Records for the task
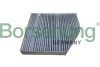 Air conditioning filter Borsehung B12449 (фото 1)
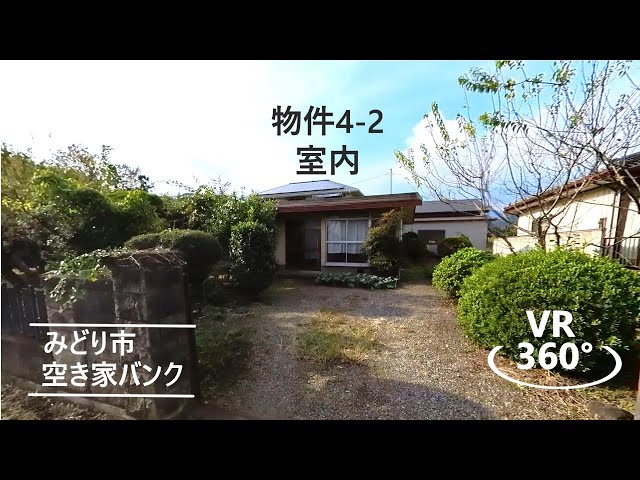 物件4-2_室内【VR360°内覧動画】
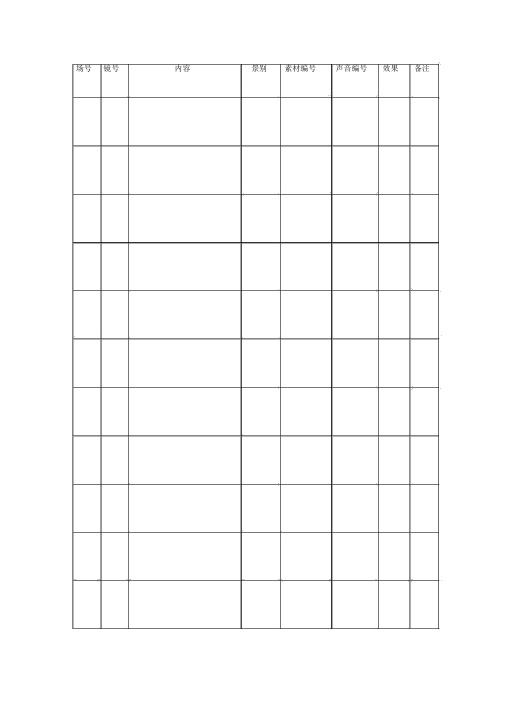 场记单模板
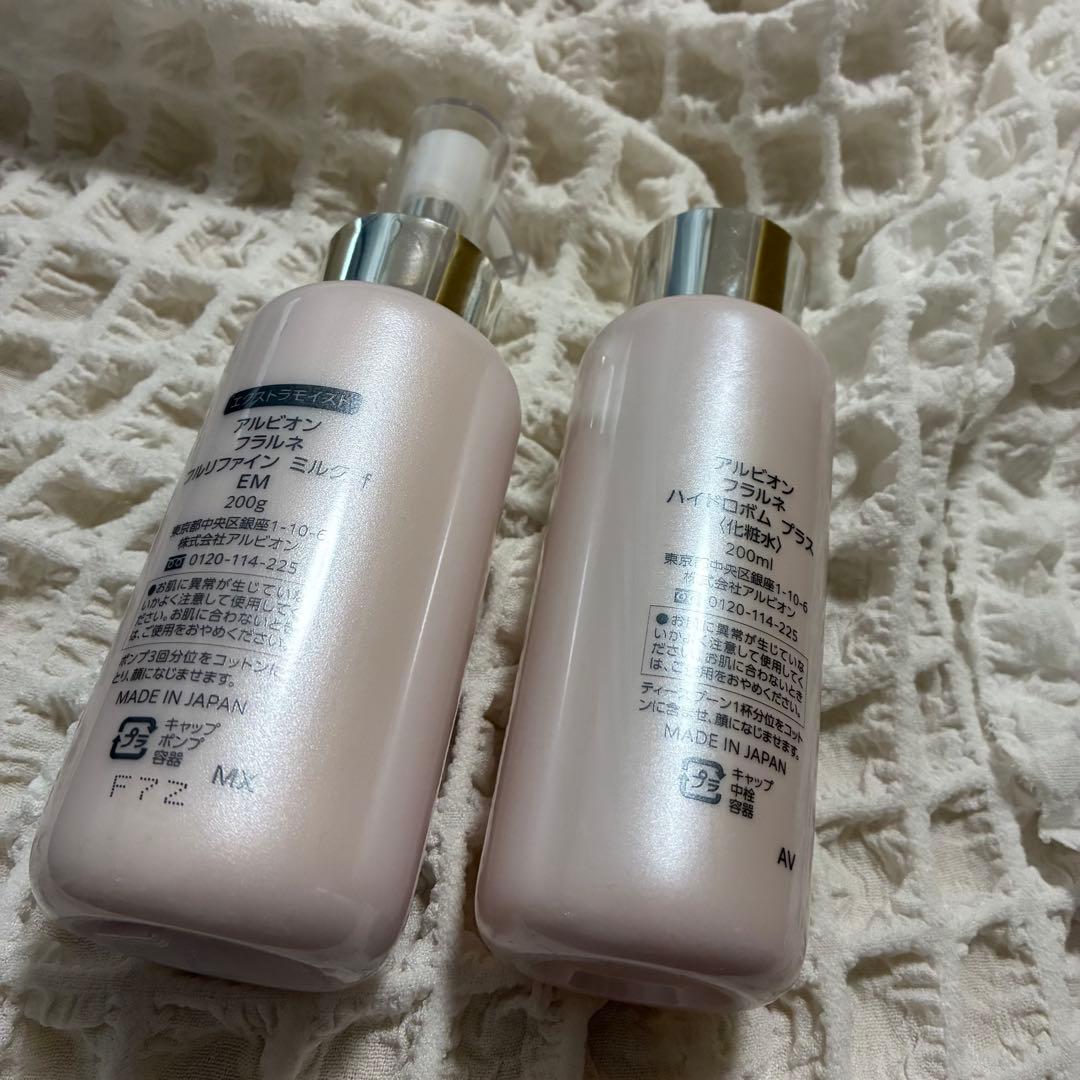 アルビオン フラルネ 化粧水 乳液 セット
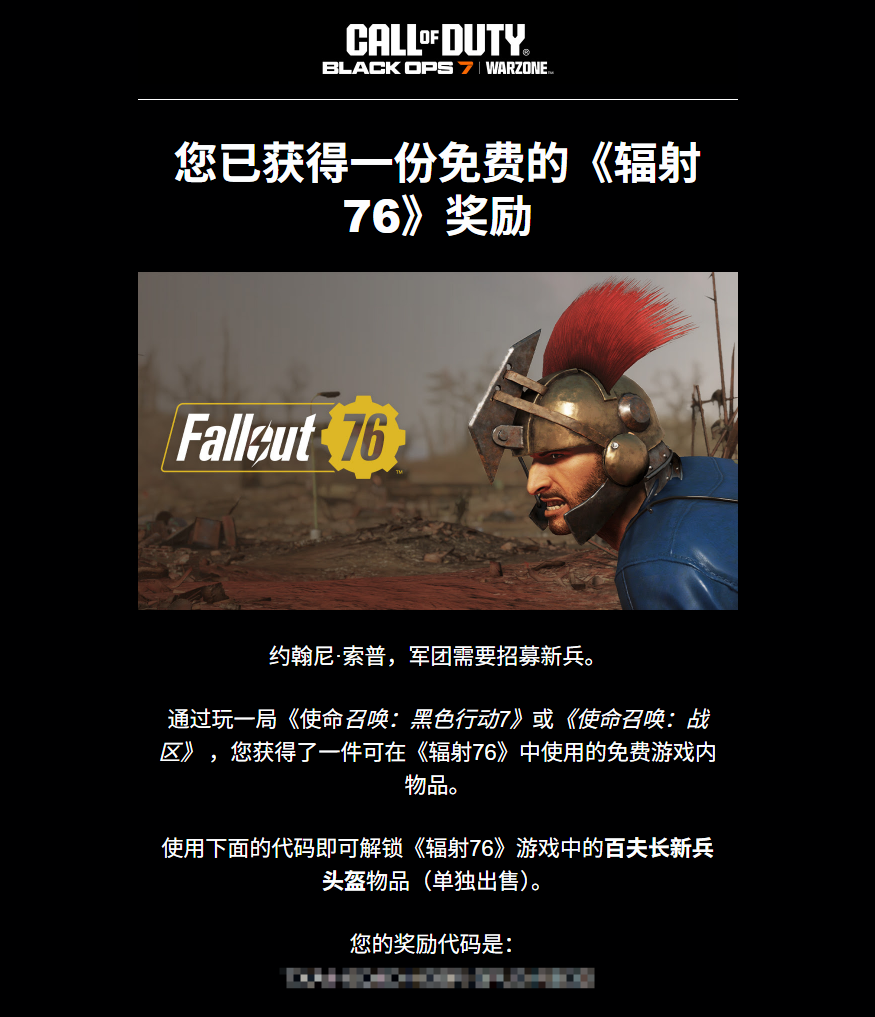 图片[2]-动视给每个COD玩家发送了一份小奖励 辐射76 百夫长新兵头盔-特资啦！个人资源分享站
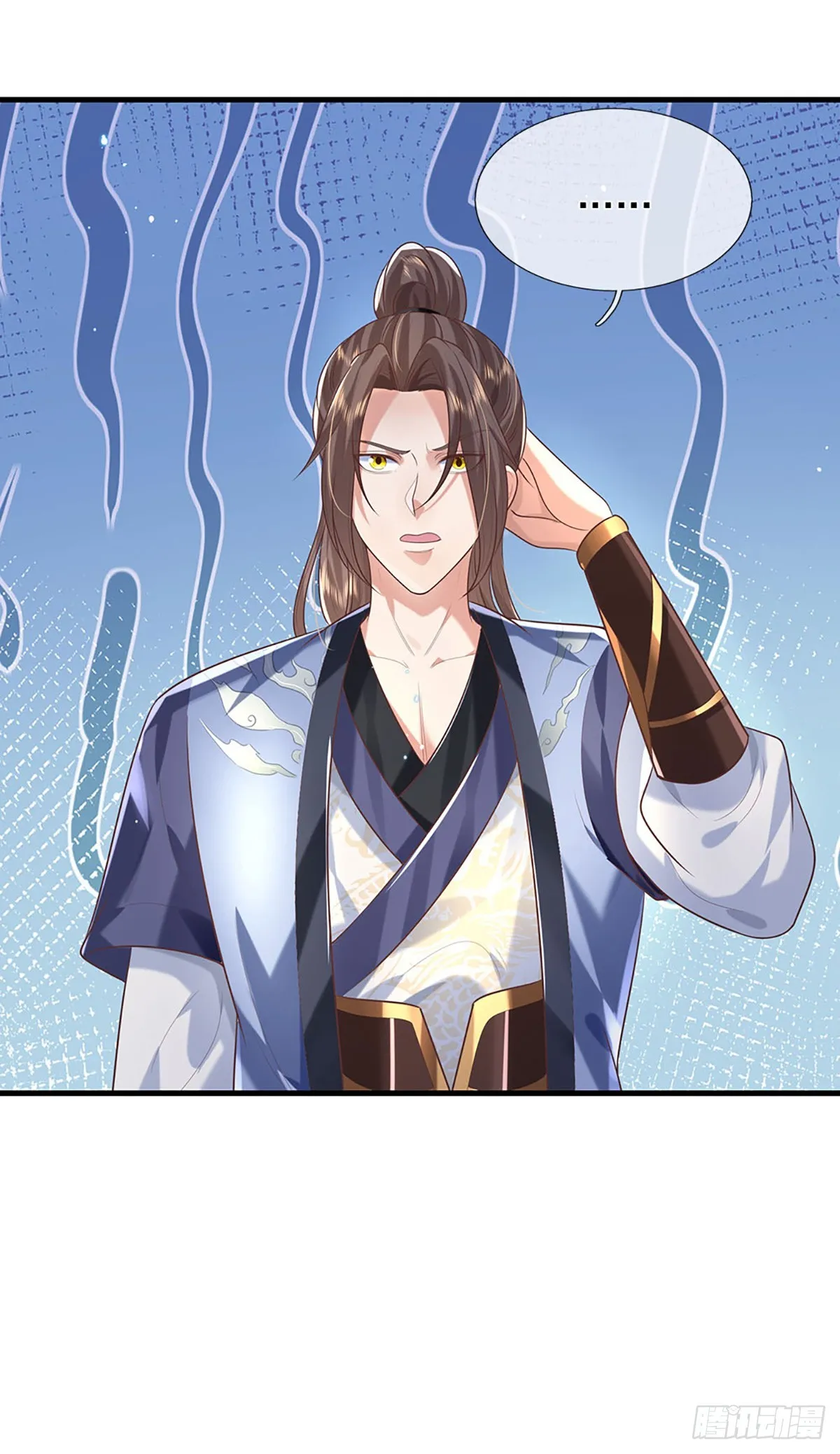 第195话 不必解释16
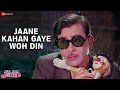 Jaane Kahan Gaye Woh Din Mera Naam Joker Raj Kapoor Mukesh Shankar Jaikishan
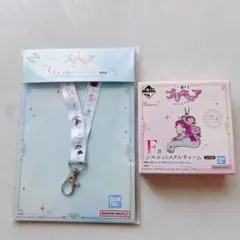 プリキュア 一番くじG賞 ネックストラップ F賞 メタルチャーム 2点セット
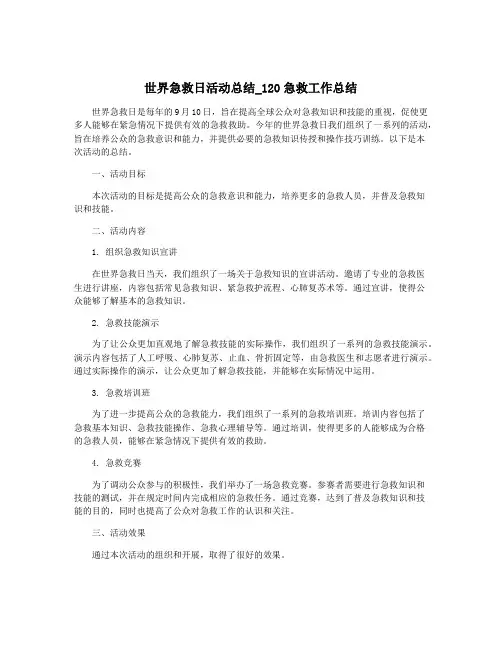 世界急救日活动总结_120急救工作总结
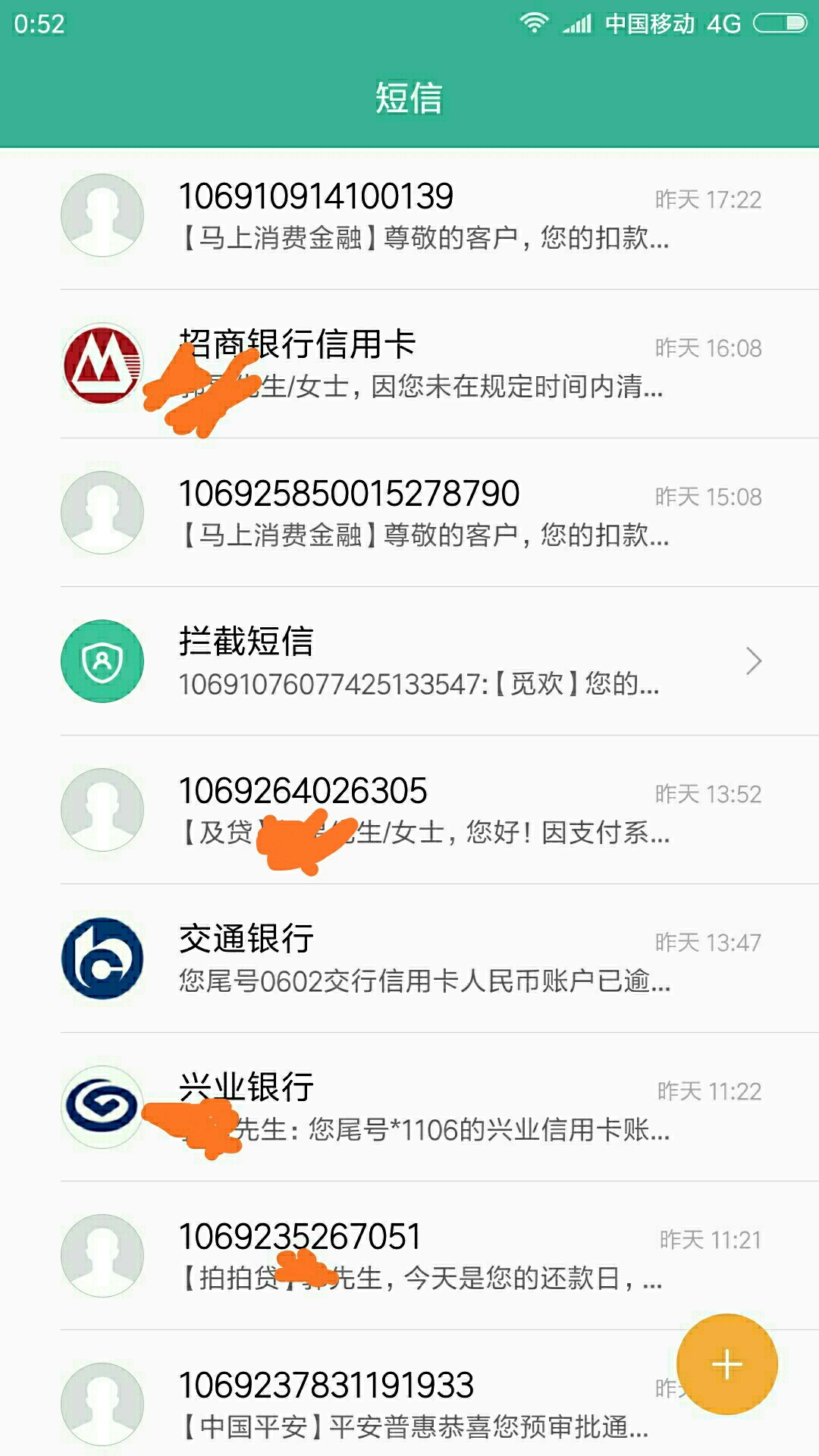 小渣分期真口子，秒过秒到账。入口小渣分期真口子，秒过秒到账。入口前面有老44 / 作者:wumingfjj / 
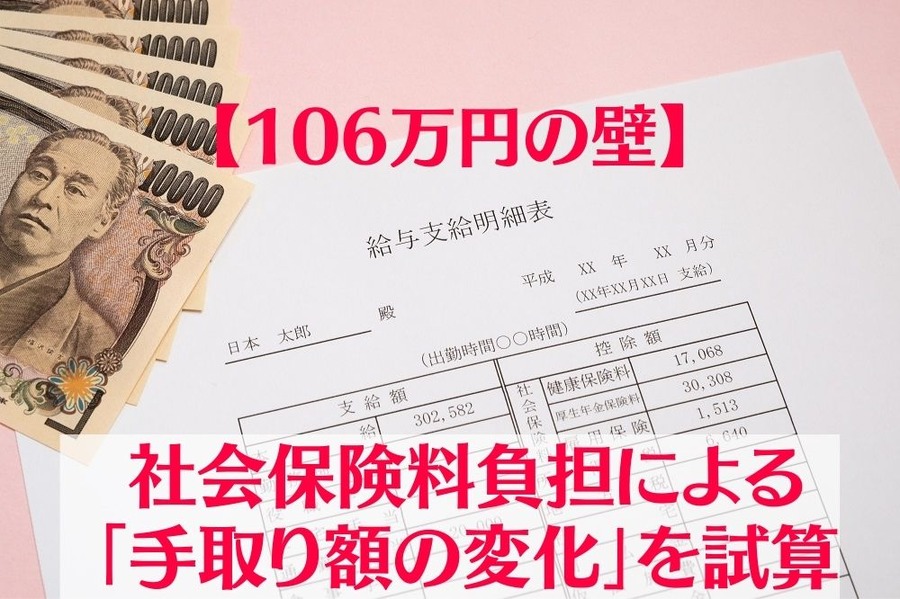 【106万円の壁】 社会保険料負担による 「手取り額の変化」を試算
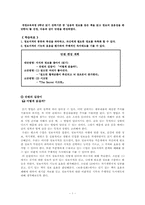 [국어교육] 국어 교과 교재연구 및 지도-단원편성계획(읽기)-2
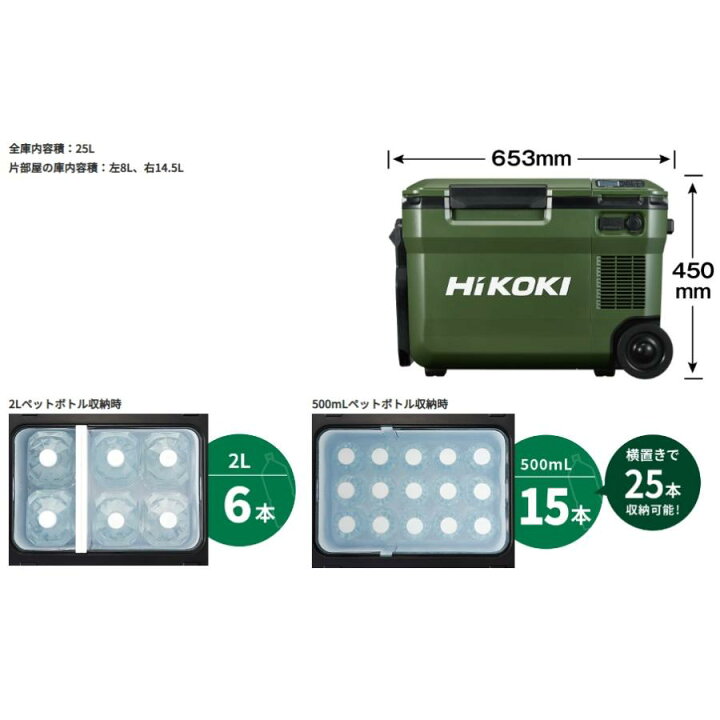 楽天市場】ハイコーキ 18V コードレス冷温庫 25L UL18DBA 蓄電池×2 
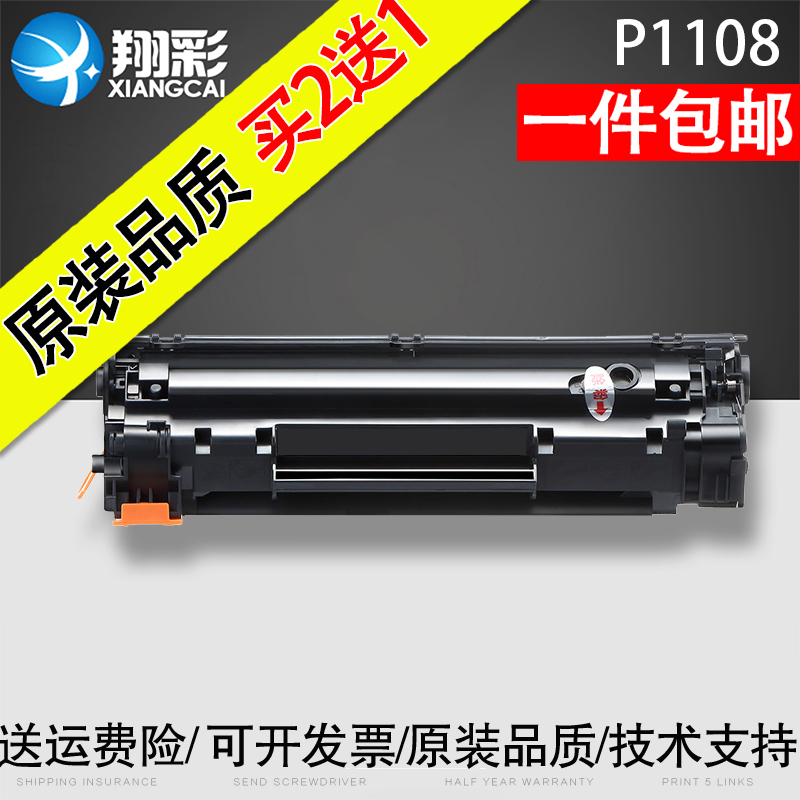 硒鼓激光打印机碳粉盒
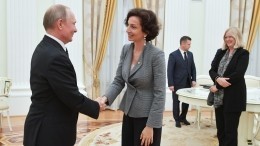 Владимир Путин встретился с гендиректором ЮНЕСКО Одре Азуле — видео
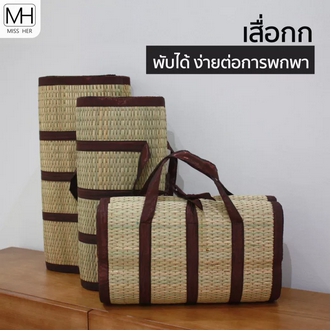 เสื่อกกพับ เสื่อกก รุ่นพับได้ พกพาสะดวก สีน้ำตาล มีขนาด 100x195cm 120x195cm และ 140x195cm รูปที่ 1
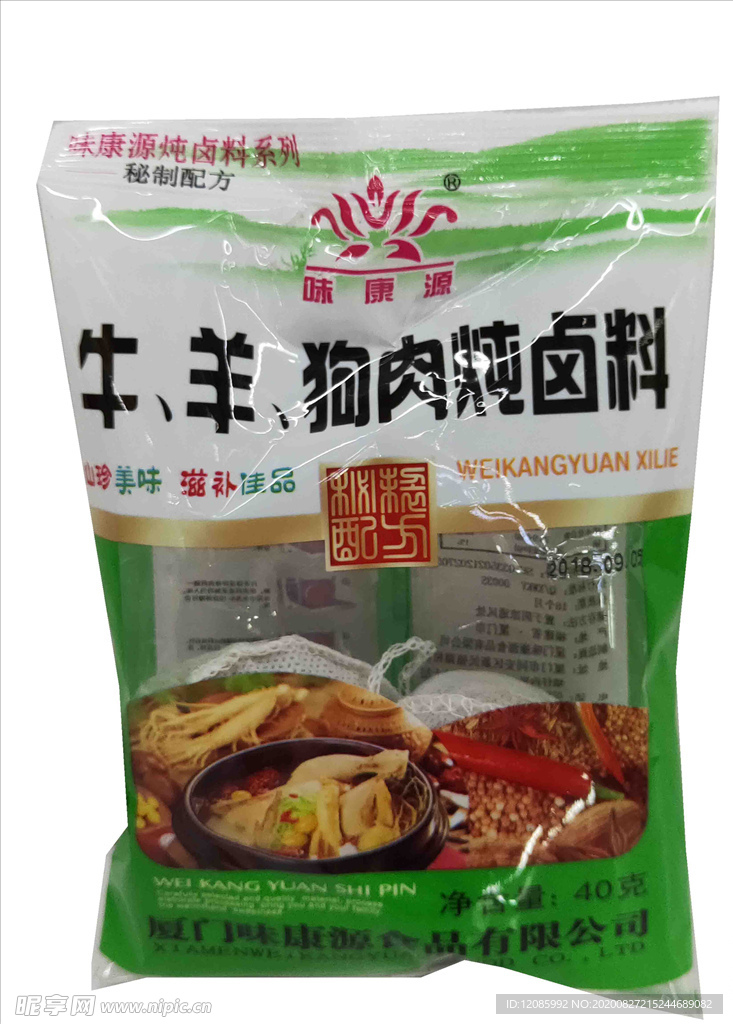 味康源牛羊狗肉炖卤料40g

What to do
All entries need to be duplicated exactly, apart from the images.

Response to the exercise
 Air conditioning filter Borsehung B12449 (фото 1)
 物件4-2_室内【VR360°内覧動画】
 场记单模板
 アルビオン フラルネ 化粧水 乳液 セット
 图片[2]-动视给每个COD玩家发送了一份小奖励 辐射76 百夫长新兵头盔-特资啦！个人资源分享站
 第195话 不必解释16
 Jaane Kahan Gaye Woh Din Mera Naam Joker Raj Kapoor Mukesh Shankar Jaikishan
 プリキュア 一番くじG賞 ネックストラップ F賞 メタルチャーム 2点セット
 世界急救日活动总结_120急救工作总结
 小渣分期真口子，秒过秒到账。入口小渣分期真口子，秒过秒到账。入口前面有老44 / 作者:wumingfjj / 
 【106万円の壁】 社会保険料負担による 「手取り額の変化」を試算
 [국어교육] 국어 교과 교재연구 및 지도-단원편성계획(읽기)-2
 楽天市場】ハイコーキ 18V コードレス冷温庫 25L UL18DBA 蓄電池×2 
 硒鼓激光打印机碳粉盒
 Владимир Путин встретился с гендиректором ЮНЕСКО Одре Азуле — видео
 เสื่อกกพับ เสื่อกก รุ่นพับได้ พกพาสะดวก สีน้ำตาล มีขนาด 100x195cm 120x195cm และ 140x195cm รูปที่ 1
 味康源牛羊狗肉炖卤料40g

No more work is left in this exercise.